In this post I'd like to try to convey a sense of the awe that scientists who study the cosmos (cosmologists) feel when they work with some of these delicately balanced parameters. Here's a description of just one of dozens that could be highlighted. It's called the cosmic expansion rate.
The universe since the Big Bang has been expanding outward at a particular rate of speed. If it were to have expanded too rapidly, matter would spread out so uniformly that not enough would clump together and galaxies and stars would never form. If it expanded too slowly, the universe would collapse back onto itself in a huge lump and no life would ever emerge. So the rate of expansion has to be just right in order for there to be a universe which could sustain higher life forms like ourselves.
How precise does this expansion rate have to be? The astonishing thing is that the rate is calibrated so delicately that were it to deviate from its actual value by more than one part in 10[55] - that's a one with 55 zeroes after it - no universe suitable for life would exist.
To give you an idea of how breathtakingly exact the balance is between a universe which can sustain life and one which cannot, imagine seeing a dime held against the night sky from a distance of 75 feet. The space covered by the dime at that distance would look like this if viewed through a very powerful telescope:
Each of those specks is a single discrete galaxy containing billions of stars. The orangeish one at the center is similar to our Milky Way. The whole sky is 27 million times the size of this patch and would thus contain 27 million times this number of galaxies, or about 27 billion galaxies.
These galaxies are enormously huge collections of stars. From one edge of our Milky Way to the opposite edge is 100,000 light years (one light year is 6 trillion miles). If we assumed that all the galaxies were on average similar in size to our own, and that they were strung end to end across space, they would extend for roughly 1.6 x 10[27] miles or about 2.6 x 10[34] millimeters.
A dime is about a millimeter thick. Suppose we imagine a stack of dimes stretching all the way across this vast expanse. Suppose our stack continued across another thousand billion, billion universes full of galaxies like our own strung end to end. If so, there would be about 10[55] coins in the stack. Imagine further that each coin represents a possible value of the expansion rate and that a needle points to the single dime in this unimaginably long skein that represents the value the rate must have in order for any universe to be such as to sustain life.
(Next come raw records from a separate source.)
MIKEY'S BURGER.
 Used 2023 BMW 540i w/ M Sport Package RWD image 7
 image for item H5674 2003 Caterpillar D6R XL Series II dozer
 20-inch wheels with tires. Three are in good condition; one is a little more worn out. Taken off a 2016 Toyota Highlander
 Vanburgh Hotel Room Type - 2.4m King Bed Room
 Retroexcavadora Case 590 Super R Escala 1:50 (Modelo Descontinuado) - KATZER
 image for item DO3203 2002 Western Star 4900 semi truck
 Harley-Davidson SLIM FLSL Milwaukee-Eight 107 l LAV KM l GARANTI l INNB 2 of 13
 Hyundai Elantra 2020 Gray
The rate of expansion is so fine that if the needle deviated from this coin by a only a single dime our universe would have long ago either expanded out of control or collapsed back upon itself. And this example of cosmic fine-tuning is just one of dozens of constants, parameters, and properties that have to be set with similar precision in order for the universe to be compatible with living things.
This sort of phenomenal exactitude is almost impossible to plausibly account for apart from an intelligence which sets the values deliberately and intentionally. To think that nature could have come up with such precision solely by chance, not just for one value but for dozens, requires an extraordinary faith in the power of chance.
Some scientists, reluctant to embrace the implications of the discovery of these finely calibrated values, have resorted to an explanation that posits, without any supporting evidence, the existence of a multiverse, i.e. a near infinite number of universes among which are worlds comprised of all possible values for these dozens of parameters. If there are a near infinite number of worlds then there must be one, it is reasoned, whose constants and forces have the values ours does.
While a multiverse is theoretically possible, there's no evidence for it. It is invoked simply to enable us to escape the conclusion that our cosmos is intentionally designed. The suggestion of a multiverse defies the law of parsimony that tells us that the simplest explantion of the facts is the preferable explanation. It also violates the principle that the accepted theory should be one for which there is at least some evidence rather than one for which there is none.
We have plenty of evidence, of course, that precision and fine-tuning can result from the actions of intelligent agents. But we have no evidence whatsoever either that fine-tuning on this scale of precision can result from sheer chance or that there are any universes out there besides our own.